Confronting hate speech: We must be intolerant of intolerance

Balancing the right to free speech with the imperative to confront hate speech is a huge challenge.

Confronting hate speech: We must be intolerant of intolerance

Balancing the right to free speech with the imperative to confront hate speech is a huge challenge. It is less of an issue in uno-duce-una-voce autocracies or countries where a tradition of violent transition is established, if not revered, in the national mythology. In this country, for many years, conflicting interests faced off over Section 31 of the Broadcasting Act, which precluded broadcasters from interviewing representatives of terrorists.

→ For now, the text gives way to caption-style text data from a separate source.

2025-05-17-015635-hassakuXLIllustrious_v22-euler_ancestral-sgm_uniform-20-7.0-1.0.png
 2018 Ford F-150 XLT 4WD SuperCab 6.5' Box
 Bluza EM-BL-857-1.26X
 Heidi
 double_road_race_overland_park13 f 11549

That law, lest the car-bombers-as-civil-rights-workers revisionists suggest otherwise, prevented the broadcasting of “any matter that could be calculated to promote the aims or activities of any organisation which engages in, promotes, encourages, or advocates the attaining of any particular objectives by violent means”. Participatory democracy, so long a dream for the great majority of people in this country, was encouraged and defended.

The issue is gathering urgency, as right-wing agitators use fear and hate to advance their ambitions. How could it not, when the president of America can say that, after a white supremacist rally in Charlottesville where a woman was murdered: “I think there is blame on both sides... but you also had people that were very fine people on both sides.” That must encourage the “lone wolves” who find affirmation on the dark web.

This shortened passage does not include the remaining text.